A Controller of Site Safety or COSS is a person qualified by the British company Network Rail to ensure safe practice for work occurring on or near rail infrastructure. Their primary role is to set up a safe system of work to protect staff from trains and trains from staff and activities.

The preferred safe systems of working where the staff are protected from line open to train movements, either by blocking some or all lines to traffic or controlling the distance the group is from the track (called Safeguarded / Fenced / Separated areas in order of consideration). This method was formerly called a Green Zone. This is the safest way of working due to the higher risks with trains moving at speed, although many incidents still happen within blocks.

Open Line working (formerly known as Red Zone) means the lines are open to train movements; this is seen as more risky than Safeguarded / Fenced / Separated areas, and is avoided in the rail industry where practicable.

The COSS is responsible for the safety of the entire group and is subject to prosecution should someone be killed or injured by their negligence.

To become a COSS someone should have served a suitable period of time on the railways and undertake a five-day course.
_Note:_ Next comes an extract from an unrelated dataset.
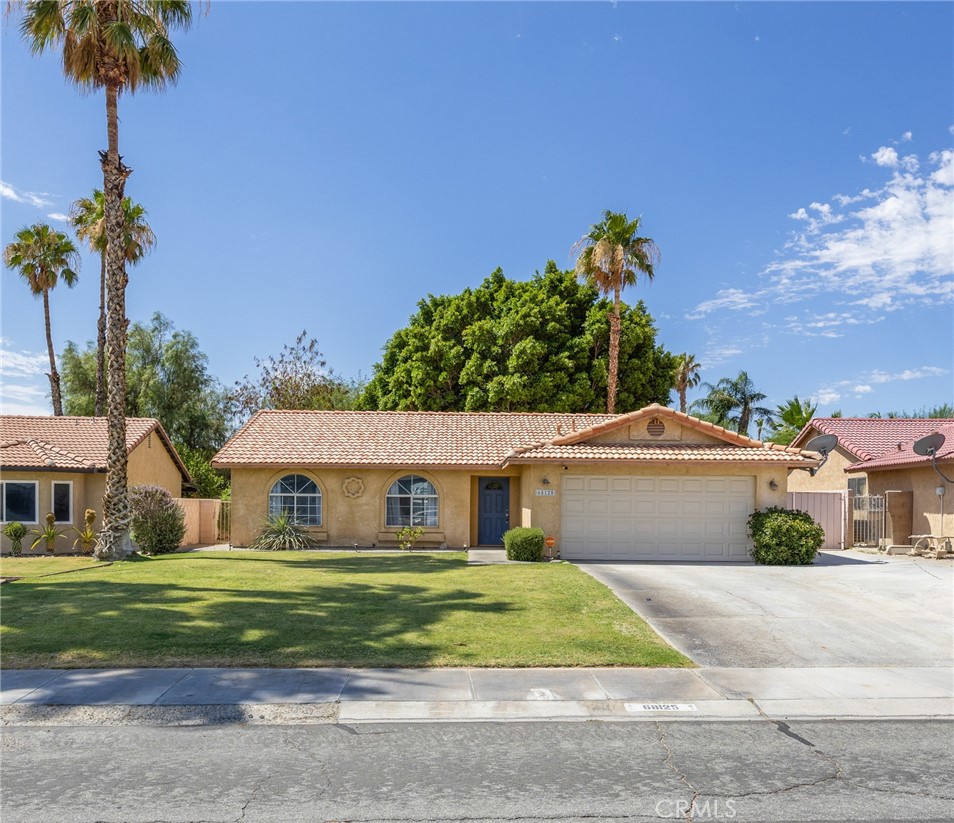 Well-maintained 3-bedroom, 2-bath single-story home located in the sought-after Panorama Park neighborhood of Cathedral City. This inviting residence features an open-concept living area with vaulted ceilings and a cozy gas fireplace, along with a spacious kitchen equipped with granite countertops, ample cabinet space, and French doors leading to a large backyard—ideal for indoor-outdoor living. The primary suite includes a walk-in closet, en-suite bath with tub/shower combo, and direct access to a full-length covered patio. Two additional bedrooms and a full guest bath provide comfortable accommodations. The finished two-car garage includes laundry hookups and extra storage. The expansive backyard is fully fenced and offers mature landscaping, outdoor dining space, and gated RV parking. No HOA. Conveniently located near parks, schools, and shopping.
This is then followed by a period of mentoring by an experienced COSS and then independent regular assessments to ensure that the subject is competent to undertake their role safely and effectively.

The rules around performing the role of a COSS are stated in the Rule Book  a set of documents issued to track staff detailing their duties.

A COSS is distinguishable on site by wearing a blue armlet on the left arm or upper body with white lettering the word "COSS".

Previously, the COSS was known as the Person In Charge Of Work/Possession, or PICOW/PICOP.